Si la vida fuera tan fácil, no sería tan difícil (permítaseme un argumento circular). Porque los mecanismos mediante los cuales se forma la ley no está solo pavimentado de razones, también de política, donde lo relevante es asimismo la capacidad de llegar a acuerdos (no confundir con transacción ni claudicación) en pos de que las materias de fondo que se impulsan tengan espacio en el texto definitivo. Profunda convicción sí, pero a la vez habilidades para la articulación, negociación, diferenciación entre lo accesorio y lo esencial, capaz de quemar ciertas naves en pos de llegar a buen puerto.
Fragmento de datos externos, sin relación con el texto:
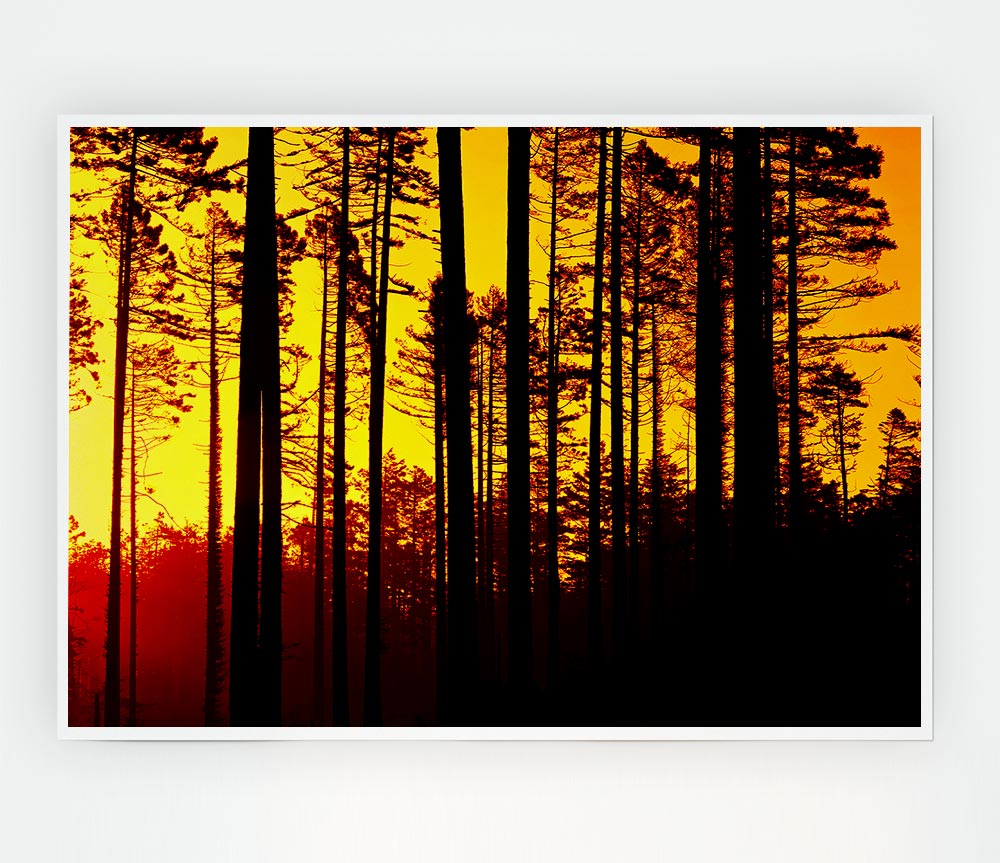 Through The Trees Print Poster Wall Art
Esta característica en los constituyentes, la vocación de incidencia, contempla entender que mucho de la labor no se relaciona solo con los ámbitos directos del interés propio, sino que se topan, e incluso colisionan, con otros que son valorados para quienes pueden ser adversario en el ámbito de las ideas e intereses.
Caso emblemático es el llamado a avanzar en materia socioambiental, buscando el retroceso en el modelo extractivista que ve los ecosistemas solo como una despensa y/o un vertedero. Es dable pensar que solo incorporando un artículo alusivo al medioambiente, la tarea estará cumplida. Pero, como lo ha demostrado la Constitución de Pinochet, tal no asegura necesariamente el objetivo buscado.
“El derecho a vivir en un medio ambiente libre de contaminación. Es deber del Estado velar para que este derecho no sea afectado y tutelar la preservación de la naturaleza. La ley podrá establecer restricciones específicas al ejercicio de determinados derechos o libertades para proteger el medio ambiente” dice el artículo 19 número 8 de nuestra actual Carta Fundamental. Profundo texto, ¿cierto?
Pero como lo ha demostrado la realidad, no basta con tener esta frase en letras de molde para que se cumpla el objetivo ahí plasmado. El motivo, la preeminencia que la Carta Fundamental da a otros aspectos.
Eso se comprende cuando se observan las funciones a las que arrincona al Estado (el artículo 19 número 21 consagra su rol subsidiario, detrás del mercado y de las empresas), los alcances del derecho de propiedad (artículo 19 número 24 en su conjunto), por ejemplo. Porque es ahí donde la actual da primacía al derecho de propiedad individual y empresarial la potestad para determinar la gestión del territorio, la naturaleza, los recursos naturales, en contraposición al interés público y colectivo.
Enfrentar aquello requerirá alianzas no solo entre quienes tienen una visión no extractivista sobre el medio ambiente, tanto en el proceso eleccionario como en la redacción de los contenidos. El sentido de lo público, la cosmovisión de los pueblos originarios, miradas sobre el mercado, lo intergeneracional, los alcances de la propiedad privada, la descentralización como profundización de la democracia, el bien común y colectivo, forman parte de la batería de visiones que deben también ser incorporadas, en las cuales hay mucho espacio para generar puntos de encuentro. Debemos unirnos si queremos incidir, mucho más allá de los propios límites evidentes.
Todo esto con mecanismos de validación constante de los constituyentes con el pueblo representado, porque mandato no puede significar cheque en blanco. Así como la capacidad de responder ante las contingencias y devenires que emergerán en ese complejo, pero a la vez hermoso, proceso de escribir la nueva Constitución.